Hayley Green is a suburb of Halesowen in the Metropolitan Borough of Dudley, West Midlands, England, located to the south-west of Halesowen town centre. Its focal points are the Fox Hunt  public house run by the Harvester restaurant chain and a row of small shops on the A456/B4183 roundabout. It has mainly owner-occupied housing stock, including the Causey Farm estate, St Kenelms Avenue and Squirrels estate, with a small 1940s municipal housing estate off Uffmoor Lane.

The population for the appropriate Dudley ward (Hayley Green and Cradley South), taken at the 2011 census was 11,862.
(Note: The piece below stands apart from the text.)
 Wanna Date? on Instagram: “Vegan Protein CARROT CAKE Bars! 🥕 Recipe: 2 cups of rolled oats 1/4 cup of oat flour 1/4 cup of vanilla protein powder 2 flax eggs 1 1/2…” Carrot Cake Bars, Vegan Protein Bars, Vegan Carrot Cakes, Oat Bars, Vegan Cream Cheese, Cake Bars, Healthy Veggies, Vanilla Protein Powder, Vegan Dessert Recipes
The busy A456 Manor Way/Hagley Road is its main road, to the south of which is mostly green belt countryside mainly agricultural land next to the Clent Hills and the  Uffmoor Wood, an ancient woodland with public access.

Hayley Green is located on the West Midlands/Worcestershire border, with Hagley at the eastern end of the A456. Hagley Golf and Country Club borders the suburb. The area is largely within the ancient township of Lutley, which was a distantly detached part of the manor of the Deanery of Wolverhampton.

The area is served by Lutley Primary School. It is served by bus routes 192 and 4H.

Rock singer Robert Plant lived in the area as a teenager during the early 1960s.